START SOURCE RECORDS

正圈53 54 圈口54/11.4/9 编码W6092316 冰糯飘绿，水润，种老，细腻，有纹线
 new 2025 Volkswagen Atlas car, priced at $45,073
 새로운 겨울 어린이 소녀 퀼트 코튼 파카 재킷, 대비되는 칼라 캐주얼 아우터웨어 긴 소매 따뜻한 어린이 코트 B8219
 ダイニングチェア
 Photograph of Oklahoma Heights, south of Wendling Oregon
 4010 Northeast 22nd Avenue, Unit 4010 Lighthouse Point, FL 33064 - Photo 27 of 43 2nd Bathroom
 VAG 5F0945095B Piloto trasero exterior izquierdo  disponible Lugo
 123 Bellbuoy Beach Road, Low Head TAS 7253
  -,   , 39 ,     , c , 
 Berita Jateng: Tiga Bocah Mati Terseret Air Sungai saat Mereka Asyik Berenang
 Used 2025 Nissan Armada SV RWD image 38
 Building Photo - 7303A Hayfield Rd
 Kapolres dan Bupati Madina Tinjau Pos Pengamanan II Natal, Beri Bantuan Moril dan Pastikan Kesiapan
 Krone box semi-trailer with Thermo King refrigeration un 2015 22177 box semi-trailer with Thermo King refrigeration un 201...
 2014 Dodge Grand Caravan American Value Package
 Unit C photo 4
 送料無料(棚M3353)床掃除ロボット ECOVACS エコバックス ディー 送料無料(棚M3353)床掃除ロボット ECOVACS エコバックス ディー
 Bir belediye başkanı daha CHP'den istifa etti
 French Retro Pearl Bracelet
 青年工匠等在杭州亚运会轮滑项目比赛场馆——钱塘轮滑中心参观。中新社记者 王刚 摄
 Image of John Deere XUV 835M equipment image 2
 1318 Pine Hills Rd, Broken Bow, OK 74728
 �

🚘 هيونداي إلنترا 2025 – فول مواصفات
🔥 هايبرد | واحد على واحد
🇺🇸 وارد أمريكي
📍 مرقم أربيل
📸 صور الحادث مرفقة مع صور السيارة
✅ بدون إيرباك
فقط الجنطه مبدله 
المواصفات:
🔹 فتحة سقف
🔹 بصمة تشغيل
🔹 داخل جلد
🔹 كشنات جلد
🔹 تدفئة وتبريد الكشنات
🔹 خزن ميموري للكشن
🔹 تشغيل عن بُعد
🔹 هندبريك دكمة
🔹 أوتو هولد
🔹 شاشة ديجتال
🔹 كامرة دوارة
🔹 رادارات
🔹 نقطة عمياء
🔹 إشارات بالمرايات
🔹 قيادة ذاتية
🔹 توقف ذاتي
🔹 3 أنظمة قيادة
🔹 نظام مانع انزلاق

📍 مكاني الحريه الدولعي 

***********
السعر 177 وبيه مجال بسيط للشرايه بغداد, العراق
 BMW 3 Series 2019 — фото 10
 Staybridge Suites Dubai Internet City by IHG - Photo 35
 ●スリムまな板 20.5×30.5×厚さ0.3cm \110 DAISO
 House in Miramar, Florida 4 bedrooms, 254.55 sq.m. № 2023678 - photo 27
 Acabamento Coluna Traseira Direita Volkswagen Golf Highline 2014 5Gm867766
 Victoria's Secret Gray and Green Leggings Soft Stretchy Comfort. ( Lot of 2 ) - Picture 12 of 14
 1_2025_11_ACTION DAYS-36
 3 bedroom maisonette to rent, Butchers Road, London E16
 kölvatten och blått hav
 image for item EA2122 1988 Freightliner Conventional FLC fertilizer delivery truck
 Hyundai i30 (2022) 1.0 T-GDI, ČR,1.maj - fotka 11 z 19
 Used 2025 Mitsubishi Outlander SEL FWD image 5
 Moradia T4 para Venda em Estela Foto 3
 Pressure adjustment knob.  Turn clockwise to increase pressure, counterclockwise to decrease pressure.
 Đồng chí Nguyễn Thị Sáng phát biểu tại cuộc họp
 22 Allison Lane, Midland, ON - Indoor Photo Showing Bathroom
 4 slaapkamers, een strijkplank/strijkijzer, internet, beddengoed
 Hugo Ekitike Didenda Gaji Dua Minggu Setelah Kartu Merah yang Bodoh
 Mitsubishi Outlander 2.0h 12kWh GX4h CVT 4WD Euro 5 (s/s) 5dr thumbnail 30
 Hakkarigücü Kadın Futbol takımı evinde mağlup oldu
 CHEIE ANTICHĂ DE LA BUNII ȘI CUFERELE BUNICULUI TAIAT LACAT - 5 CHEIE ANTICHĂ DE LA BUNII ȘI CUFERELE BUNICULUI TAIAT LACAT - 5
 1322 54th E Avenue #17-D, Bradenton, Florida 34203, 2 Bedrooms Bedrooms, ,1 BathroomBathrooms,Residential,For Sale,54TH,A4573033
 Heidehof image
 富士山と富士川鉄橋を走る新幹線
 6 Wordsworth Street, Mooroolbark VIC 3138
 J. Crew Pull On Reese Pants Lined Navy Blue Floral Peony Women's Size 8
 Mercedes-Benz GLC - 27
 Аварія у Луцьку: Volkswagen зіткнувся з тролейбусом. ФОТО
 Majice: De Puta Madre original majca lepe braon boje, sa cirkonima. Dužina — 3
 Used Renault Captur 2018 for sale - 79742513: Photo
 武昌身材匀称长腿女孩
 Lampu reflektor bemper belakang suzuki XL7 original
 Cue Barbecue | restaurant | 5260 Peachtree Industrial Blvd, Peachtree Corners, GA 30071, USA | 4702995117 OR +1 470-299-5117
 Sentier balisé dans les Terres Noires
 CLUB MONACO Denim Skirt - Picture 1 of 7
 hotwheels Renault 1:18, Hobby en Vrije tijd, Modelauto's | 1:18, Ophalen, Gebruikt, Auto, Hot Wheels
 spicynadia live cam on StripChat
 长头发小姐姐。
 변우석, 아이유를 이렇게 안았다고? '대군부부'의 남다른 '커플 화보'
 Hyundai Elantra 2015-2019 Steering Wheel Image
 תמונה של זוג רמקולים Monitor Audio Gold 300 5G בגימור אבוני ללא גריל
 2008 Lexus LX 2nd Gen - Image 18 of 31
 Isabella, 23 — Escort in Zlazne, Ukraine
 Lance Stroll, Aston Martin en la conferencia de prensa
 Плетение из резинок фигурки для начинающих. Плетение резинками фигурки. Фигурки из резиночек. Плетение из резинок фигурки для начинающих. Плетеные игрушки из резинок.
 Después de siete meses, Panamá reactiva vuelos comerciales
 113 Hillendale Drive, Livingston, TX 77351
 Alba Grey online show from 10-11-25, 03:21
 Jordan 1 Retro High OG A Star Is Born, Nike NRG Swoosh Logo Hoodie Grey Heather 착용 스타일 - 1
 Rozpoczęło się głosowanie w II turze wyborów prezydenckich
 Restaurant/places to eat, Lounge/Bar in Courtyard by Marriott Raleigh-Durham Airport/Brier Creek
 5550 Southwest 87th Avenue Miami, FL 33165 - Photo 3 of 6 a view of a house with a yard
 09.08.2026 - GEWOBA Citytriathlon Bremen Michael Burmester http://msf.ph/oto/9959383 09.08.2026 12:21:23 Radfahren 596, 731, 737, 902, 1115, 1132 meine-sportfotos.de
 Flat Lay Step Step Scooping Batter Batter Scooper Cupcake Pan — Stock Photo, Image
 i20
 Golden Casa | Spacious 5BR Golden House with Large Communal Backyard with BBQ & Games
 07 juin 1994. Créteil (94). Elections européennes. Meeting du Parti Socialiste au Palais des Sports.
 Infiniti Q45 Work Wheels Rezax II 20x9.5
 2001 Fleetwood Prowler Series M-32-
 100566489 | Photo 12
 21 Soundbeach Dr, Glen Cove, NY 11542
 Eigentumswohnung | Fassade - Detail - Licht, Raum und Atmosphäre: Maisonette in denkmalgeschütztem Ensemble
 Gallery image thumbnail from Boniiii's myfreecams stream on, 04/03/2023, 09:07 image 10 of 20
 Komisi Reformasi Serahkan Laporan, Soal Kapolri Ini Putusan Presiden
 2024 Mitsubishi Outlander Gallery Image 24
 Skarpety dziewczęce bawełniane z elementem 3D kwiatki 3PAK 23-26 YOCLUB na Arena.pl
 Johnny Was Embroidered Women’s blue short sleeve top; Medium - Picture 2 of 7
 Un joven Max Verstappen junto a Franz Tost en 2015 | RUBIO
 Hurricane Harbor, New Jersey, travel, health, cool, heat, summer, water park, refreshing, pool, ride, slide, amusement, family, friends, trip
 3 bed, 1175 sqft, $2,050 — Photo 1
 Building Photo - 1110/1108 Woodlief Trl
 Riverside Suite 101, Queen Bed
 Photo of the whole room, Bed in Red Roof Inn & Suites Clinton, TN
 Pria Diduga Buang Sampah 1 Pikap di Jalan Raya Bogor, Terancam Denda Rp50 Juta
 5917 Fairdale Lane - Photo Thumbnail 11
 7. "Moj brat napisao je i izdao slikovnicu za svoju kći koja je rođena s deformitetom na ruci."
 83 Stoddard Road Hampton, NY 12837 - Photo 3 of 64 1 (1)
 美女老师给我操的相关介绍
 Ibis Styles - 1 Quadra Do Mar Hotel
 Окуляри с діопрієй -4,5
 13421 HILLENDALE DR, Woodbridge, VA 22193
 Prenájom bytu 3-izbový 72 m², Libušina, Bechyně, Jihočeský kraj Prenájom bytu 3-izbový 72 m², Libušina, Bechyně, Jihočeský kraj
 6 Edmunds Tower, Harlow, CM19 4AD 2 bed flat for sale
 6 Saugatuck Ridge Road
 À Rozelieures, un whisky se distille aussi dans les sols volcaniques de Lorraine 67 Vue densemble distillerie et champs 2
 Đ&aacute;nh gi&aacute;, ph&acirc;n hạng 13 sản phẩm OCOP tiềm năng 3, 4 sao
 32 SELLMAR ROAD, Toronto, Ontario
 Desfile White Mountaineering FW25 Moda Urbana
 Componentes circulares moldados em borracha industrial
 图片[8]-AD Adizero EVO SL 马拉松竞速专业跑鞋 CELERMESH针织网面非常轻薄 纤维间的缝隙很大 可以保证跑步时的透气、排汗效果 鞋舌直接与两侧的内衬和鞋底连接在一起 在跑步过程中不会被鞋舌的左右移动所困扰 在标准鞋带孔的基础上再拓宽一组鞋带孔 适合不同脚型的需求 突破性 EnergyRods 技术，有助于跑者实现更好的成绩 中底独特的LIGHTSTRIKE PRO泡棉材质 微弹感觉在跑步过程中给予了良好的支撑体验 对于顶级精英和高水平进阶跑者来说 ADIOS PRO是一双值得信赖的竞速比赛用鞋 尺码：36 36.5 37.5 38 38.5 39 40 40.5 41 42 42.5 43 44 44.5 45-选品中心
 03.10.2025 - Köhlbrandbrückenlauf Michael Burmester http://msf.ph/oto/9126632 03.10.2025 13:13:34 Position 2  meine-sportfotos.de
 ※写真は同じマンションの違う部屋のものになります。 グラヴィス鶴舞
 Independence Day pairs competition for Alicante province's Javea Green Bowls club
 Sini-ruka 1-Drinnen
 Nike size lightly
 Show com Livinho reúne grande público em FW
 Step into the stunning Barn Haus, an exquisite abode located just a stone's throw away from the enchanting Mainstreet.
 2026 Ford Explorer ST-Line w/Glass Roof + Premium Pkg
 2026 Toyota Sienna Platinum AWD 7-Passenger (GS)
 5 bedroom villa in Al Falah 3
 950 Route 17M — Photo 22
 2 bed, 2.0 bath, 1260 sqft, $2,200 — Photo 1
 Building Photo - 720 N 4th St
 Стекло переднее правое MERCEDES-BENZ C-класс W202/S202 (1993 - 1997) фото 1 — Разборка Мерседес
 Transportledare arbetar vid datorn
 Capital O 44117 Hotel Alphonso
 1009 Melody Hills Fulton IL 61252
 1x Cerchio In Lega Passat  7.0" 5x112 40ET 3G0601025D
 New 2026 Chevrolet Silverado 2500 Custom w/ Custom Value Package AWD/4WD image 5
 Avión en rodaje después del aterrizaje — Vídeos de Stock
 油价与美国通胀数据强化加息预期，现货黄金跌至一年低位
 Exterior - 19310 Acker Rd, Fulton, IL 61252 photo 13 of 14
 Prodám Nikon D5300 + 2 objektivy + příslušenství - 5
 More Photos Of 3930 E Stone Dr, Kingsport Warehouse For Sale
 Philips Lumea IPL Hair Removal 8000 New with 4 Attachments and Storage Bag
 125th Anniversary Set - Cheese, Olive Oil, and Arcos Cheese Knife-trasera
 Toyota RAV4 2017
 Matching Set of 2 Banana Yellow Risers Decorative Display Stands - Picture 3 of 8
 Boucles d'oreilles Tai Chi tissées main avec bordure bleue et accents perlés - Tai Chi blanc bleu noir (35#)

END SOURCE RECORDS

## TASK PROMPT:
Please, from the entries above, set down exactly the lines from the one containing "富士山と富士川鉄橋を走る新幹線" through the one containing "תמונה של זוג", and only those.

## ANSWER TO THIS EXERCISE:
 富士山と富士川鉄橋を走る新幹線
 6 Wordsworth Street, Mooroolbark VIC 3138
 J. Crew Pull On Reese Pants Lined Navy Blue Floral Peony Women's Size 8
 Mercedes-Benz GLC - 27
 Аварія у Луцьку: Volkswagen зіткнувся з тролейбусом. ФОТО
 Majice: De Puta Madre original majca lepe braon boje, sa cirkonima. Dužina — 3
 Used Renault Captur 2018 for sale - 79742513: Photo
 武昌身材匀称长腿女孩
 Lampu reflektor bemper belakang suzuki XL7 original
 Cue Barbecue | restaurant | 5260 Peachtree Industrial Blvd, Peachtree Corners, GA 30071, USA | 4702995117 OR +1 470-299-5117
 Sentier balisé dans les Terres Noires
 CLUB MONACO Denim Skirt - Picture 1 of 7
 hotwheels Renault 1:18, Hobby en Vrije tijd, Modelauto's | 1:18, Ophalen, Gebruikt, Auto, Hot Wheels
 spicynadia live cam on StripChat
 长头发小姐姐。
 변우석, 아이유를 이렇게 안았다고? '대군부부'의 남다른 '커플 화보'
 Hyundai Elantra 2015-2019 Steering Wheel Image
 תמונה של זוג רמקולים Monitor Audio Gold 300 5G בגימור אבוני ללא גריל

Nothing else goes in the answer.